What you want to change / inspect Lives in Owned by which actor How to inspect it Symptom when wrong
VPC CIDR for an env envs/<env>/<env>.tfvars Engineer (in Git) grep vpc_cidr envs/uat/uat.tfvars Plan recreates VPC; CIDRs overlap with another env
EC2 instance size <env>.tfvars (override) or modules/compute/variables.tf (default) Engineer terraform plan diff or aws ec2 describe-launch-templates Wrong tier in plan, oversized cost
What resources Terraform thinks exist terraform.tfstate (S3) State (S3+DDB) terraform state list, terraform state show <addr> Plan wants to destroy something you didn't expect
What's actually running in AWS AWS API / console AWS aws ec2 describe-* / console Drift — reality differs from state
Provider version .terraform.lock.hcl Engineer (committed) cat .terraform.lock.hcl "plan looks different in CI vs local" = lock file not committed
Where state is stored envs/<env>/backend.tf Engineer (immutable in normal life) cat backend.tf Plan shows hundreds of resources to create — you're pointed at wrong env's state
Which AWS account providers.tf + deploy_role_arn in tfvars Engineer + IAM aws sts get-caller-identity "AccessDenied"; resources show up in the wrong account
Branch protection / required reviewers CODEOWNERS + repo settings Git (origin) GitHub UI → Settings → Branches PR can be merged without enough approvals
What CI ran on the PR .github/workflows/*.yml Engineer (committed) + CI GitHub Actions tab on the PR tflint/tfsec/plan didn't run; required check missing
What CD applied (and when) CD pipeline run logs CD CD UI / gh run view "Did the change actually apply?" Look at the most recent successful run
The actual instance type running now EC2 instance attributes (AWS) AWS aws ec2 describe-instances --filters Name=tag:Environment,Values=uat State says xlarge but instances are still large → ASG didn't refresh
An IAM role's trust policy modules/iam/main.tfaws_iam_role.assume_role_policy Engineer aws iam get-role --role-name lf-uat-ec2-app Service can't assume the role
A secret (DB password etc.) AWS Secrets Manager — not tfvars AWS + Secrets Manager aws secretsmanager get-secret-value --secret-id ... Found in tfvars or git history → rotate immediately
Why this change exists at all Ticket / PR description Engineer + ticket system Git log + ticket link Resource exists but no one knows why

Three questions to ask before any debug session

  1. Is the symptom in the code, the state, or the cloud?
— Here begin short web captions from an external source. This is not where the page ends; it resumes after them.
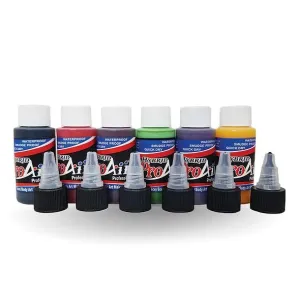 ProAiir Face and Body Painting Makeup - 6 Bruising Colors - 1 oz (30ml)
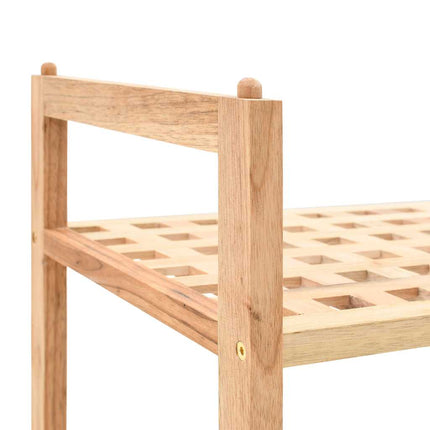 Schoenenrek 69X26X81 Cm Massief Walnotenhout - XdropX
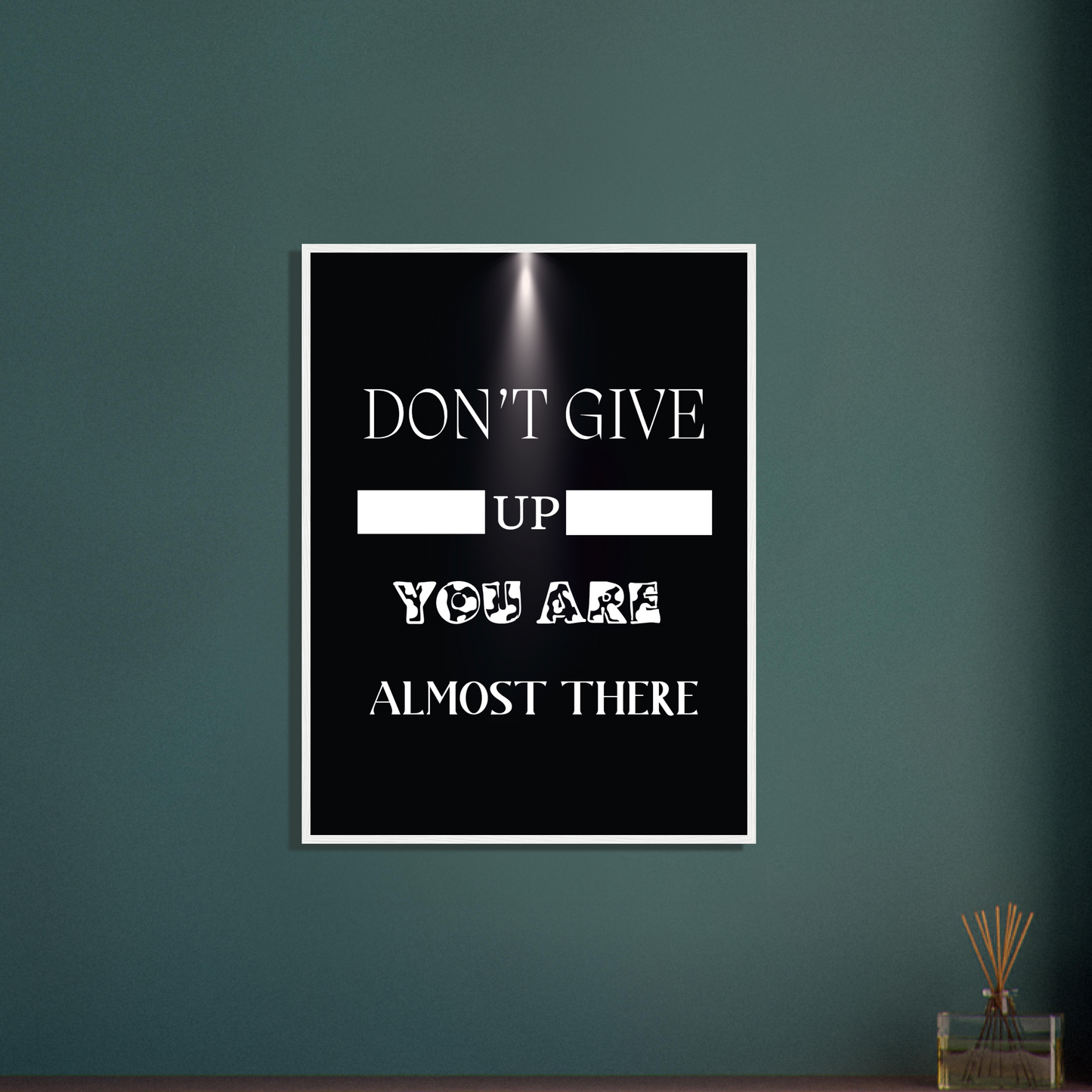 Don't Give Up Wall Art Motivational Wall Decor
The answer tells you which actor owns the bug.
  2. What did the last terraform plan say? Plan is the bridge between code and state — it surfaces 90% of disagreements.
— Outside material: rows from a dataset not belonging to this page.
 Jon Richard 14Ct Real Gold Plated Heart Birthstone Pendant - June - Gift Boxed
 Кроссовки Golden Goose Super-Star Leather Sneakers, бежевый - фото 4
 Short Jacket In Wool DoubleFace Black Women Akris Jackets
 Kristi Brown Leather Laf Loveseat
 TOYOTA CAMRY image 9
  3. Did it ever work? If yes, git log on main since the last good apply tells you what changed.
The 360° mental model in one sentence: a ticket becomes code (engineer), reviewed in Git, validated by CI, applied by CD, recorded in state, executed in AWS, and felt by customers — with IAM gating every transition. If you can name the actor at every step, you can debug anything.